Stored data entries:
--

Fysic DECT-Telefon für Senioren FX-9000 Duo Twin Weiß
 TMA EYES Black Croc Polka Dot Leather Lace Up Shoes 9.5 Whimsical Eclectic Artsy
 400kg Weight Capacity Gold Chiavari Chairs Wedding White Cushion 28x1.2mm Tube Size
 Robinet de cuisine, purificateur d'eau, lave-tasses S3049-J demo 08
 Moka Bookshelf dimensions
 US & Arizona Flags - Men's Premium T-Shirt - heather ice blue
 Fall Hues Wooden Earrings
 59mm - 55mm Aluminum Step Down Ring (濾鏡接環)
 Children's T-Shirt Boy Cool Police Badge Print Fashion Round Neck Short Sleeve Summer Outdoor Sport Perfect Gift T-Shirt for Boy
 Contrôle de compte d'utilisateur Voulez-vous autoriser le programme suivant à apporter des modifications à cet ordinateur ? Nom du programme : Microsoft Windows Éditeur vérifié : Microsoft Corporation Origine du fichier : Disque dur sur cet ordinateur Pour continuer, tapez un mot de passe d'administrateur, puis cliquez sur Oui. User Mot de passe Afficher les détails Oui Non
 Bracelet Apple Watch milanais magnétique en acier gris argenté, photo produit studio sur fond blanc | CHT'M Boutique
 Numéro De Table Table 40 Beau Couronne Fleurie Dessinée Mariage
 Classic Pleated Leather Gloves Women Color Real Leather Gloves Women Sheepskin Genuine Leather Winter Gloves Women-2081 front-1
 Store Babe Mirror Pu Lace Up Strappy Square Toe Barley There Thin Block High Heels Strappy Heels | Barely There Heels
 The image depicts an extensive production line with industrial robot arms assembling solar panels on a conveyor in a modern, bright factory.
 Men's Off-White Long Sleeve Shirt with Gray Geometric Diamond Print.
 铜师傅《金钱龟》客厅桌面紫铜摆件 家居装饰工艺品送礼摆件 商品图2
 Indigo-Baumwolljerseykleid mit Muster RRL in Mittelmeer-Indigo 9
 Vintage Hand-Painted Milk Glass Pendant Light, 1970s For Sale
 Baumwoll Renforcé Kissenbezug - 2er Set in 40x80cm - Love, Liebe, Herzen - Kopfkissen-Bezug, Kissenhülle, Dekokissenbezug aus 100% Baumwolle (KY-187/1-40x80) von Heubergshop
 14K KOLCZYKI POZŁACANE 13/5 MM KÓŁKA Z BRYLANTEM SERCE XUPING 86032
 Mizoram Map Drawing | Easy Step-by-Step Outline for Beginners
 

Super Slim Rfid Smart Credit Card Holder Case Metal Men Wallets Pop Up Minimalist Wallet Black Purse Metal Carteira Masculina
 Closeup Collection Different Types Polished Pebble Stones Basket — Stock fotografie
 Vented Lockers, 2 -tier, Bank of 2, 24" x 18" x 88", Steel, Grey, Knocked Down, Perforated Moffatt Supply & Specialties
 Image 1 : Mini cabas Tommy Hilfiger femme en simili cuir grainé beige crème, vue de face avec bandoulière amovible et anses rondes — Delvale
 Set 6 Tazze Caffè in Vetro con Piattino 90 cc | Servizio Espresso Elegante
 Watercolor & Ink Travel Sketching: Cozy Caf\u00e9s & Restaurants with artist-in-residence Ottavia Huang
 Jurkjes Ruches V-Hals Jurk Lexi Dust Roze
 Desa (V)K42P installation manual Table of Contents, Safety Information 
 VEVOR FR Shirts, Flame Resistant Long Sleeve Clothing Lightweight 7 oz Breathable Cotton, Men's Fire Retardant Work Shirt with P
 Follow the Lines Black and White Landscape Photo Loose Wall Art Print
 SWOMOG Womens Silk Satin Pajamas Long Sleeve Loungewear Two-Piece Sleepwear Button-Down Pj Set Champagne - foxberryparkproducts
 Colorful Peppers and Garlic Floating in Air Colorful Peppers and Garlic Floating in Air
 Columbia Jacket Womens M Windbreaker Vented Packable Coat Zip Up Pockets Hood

--

**WHAT IS NEEDED:**
Please give the number of lines above that include the string "Leather", with nothing added.

**ANSWER AREA:**
2